Par Agnès Redon | Le | Syndicats
Adhérent à la CGT depuis 2016 et délégué syndical chez Orange, Anthony Toueilles trouve dans son engagement syndical une manière de faire respecter les droits des salariés en difficulté.
Il revient sur sa vision du dialogue social et sur les conséquences des ordonnances de 2017 pour la mission des représentants du personnel ainsi que la santé et la sécurité des salariés.
Quel est votre parcours ?
Je suis technicien chez Orange en charge de la réparation des câbles ADSL et fibres optiques.
- En 2016, j’ai adhéré à la CGT.
- De 2017 à 2019, j’ai obtenu mon premier mandat de délégué du personnel au CE d’Orange.
- De 2019 à 2023, je suis élu pour un deuxième mandat de délégué syndical au CSE.
Quel est le moteur de votre engagement ?
Pour éviter le renforcement de la défense des salariés et la création de gros collectifs syndicaux, les grands groupes font en sorte de sous-traiter tant qu’ils le peuvent
Face à la dégradation générale des conditions de travail, j’ai pris conscience de la nécessité de participer à la défense des salariés. Ce sont eux qui produisent la richesse d’une entreprise et qui la font fonctionner.
Compte tenu de ce que les salariés de chez Orange ont subi avec l’affaire des suicides, la solidarité syndicale est essentielle [ndlr : cette affaire judiciaire vise l’entreprise France Télécom, devenue Orange en 2013, pour harcèlement moral ayant conduit à des suicides].
Pour éviter le renforcement de la défense des salariés et la création de gros collectifs syndicaux, les grands groupes font en sorte de sous-traiter tant qu’ils le peuvent. C’est une manière de déliter les droits des salariés.
La direction Orange Île-de-France a réduit les effectifs de presque moitié depuis 2017, qui sont passés de 11 500 à moins de 6 000. Les boutiques Orange subissent le même sort, beaucoup d’entre elles passant à la GDT (Générale de Téléphone), une filiale d’Orange.
Pourquoi avez-vous choisi la CGT ?
La CGT porte des valeurs de solidarité, de partage, d’antiracisme et de lutte des classes. Ce sont des combats qui restent profondément actuels.
Quels principes appliquez-vous pour mener une négociation ?
Pour défendre l’intérêt des salariés, le rapport de force est de plus en plus nécessaire. La direction fait la sourde oreille et refuse toute négociation, même lors des dernières NAO.

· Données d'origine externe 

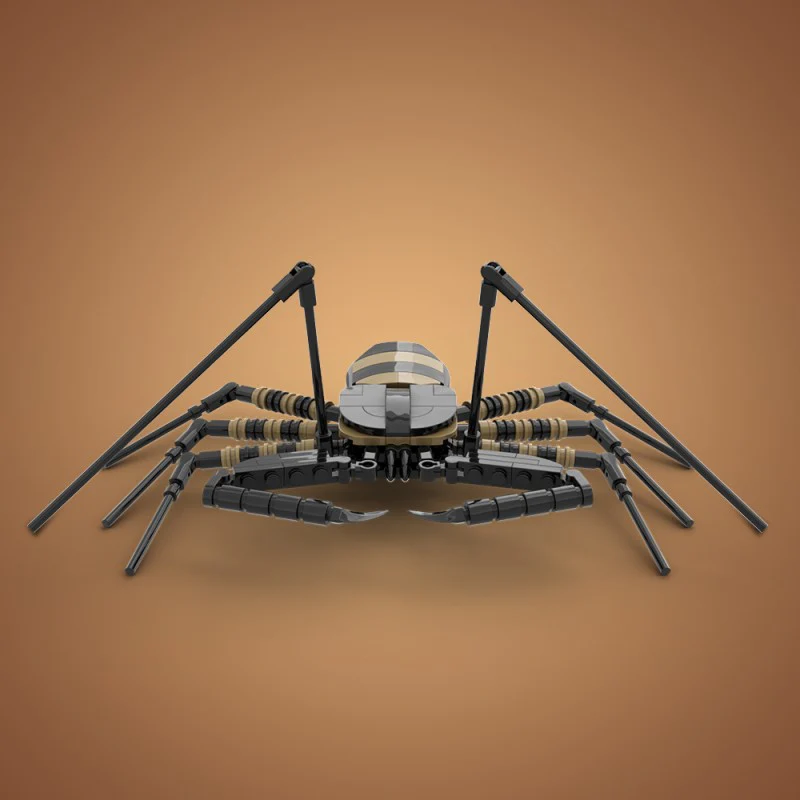 (Gobricks version) 194pcs MOC-210098 Tailless Whip Scorpion (Amblypygi Order) - Image 11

Il faudrait que les syndicats soient davantage unis pour peser dans la balance et lutter avec les salariés.
Quels sont les sujets que vous portez actuellement dans vos revendications ?

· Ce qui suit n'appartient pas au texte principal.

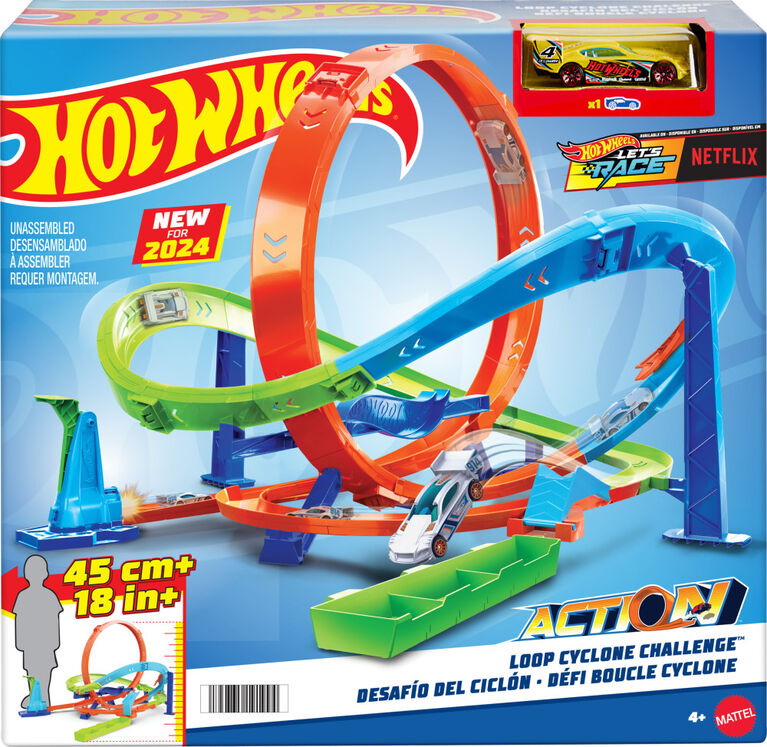 Hot Wheels Loop Cyclone Challenge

Le groupe réalise de très gros bénéfices mais les salaires ne suivent pas
Les sujets prioritaires concernent notamment :
- Le partage de la valeur. Le groupe réalise de très gros bénéfices mais les salaires ne suivent pas. D’ailleurs, ce sont les personnes recevant les plus bas salaires qui bénéficient des augmentations les plus modestes, une situation qui ne peut pas s’installer dans la durée ;
- Un meilleur pouvoir d’achat des salariés par l’augmentation des salaires et la mise en place d’un treizième mois ;
- Une meilleure reconnaissance des qualifications et des compétences ;
- L’égalité professionnelle entre les femmes et les hommes ;
- Un salaire minimum de 2000 euros à l’embauche.
Que diriez-vous à une personne souhaitant s’engager dans le syndicalisme ?

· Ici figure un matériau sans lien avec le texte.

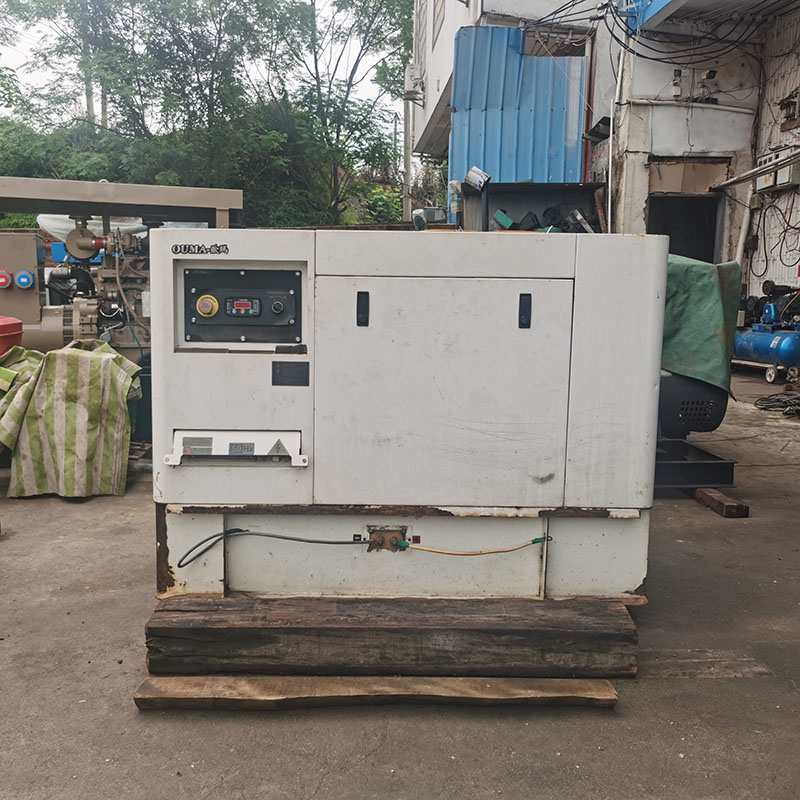8.5KVA欧玛二手发电机组出售-2020年出厂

Afin de renforcer les luttes collectives pour la défense des droits, nous avons besoin de davantage de militants. Toutes les personnalités et les expériences sont les bienvenues.
Comment percevez-vous l’évolution du syndicalisme depuis que vous militez ?
Ces ordonnances ont voulu nous transformer en professionnels du syndicalisme, au détriment de la proximité de terrain
J’ai vécu le passage des CE aux CSE. La perte de nos moyens et de la proximité au terrain est considérable. Sur l’UI IDF, nous étions huit élus avant les ordonnances Macron, contre deux seulement à ce jour, avec le même score obtenu aux élections professionnelles. Ces ordonnances ont voulu nous transformer en professionnels du syndicalisme, au détriment de la proximité de terrain. Je pense que cela a été voulu pour nous affaiblir.
Le remplacement du CHSCT par la CSSCT est également une perte immense pour la santé et la sécurité des salariés. A cause de la réduction des moyens, il nous est impossible de remonter tous les problèmes comme avant. Par conséquent, sans le vouloir, les élus passent parfois à côté de sujets importants.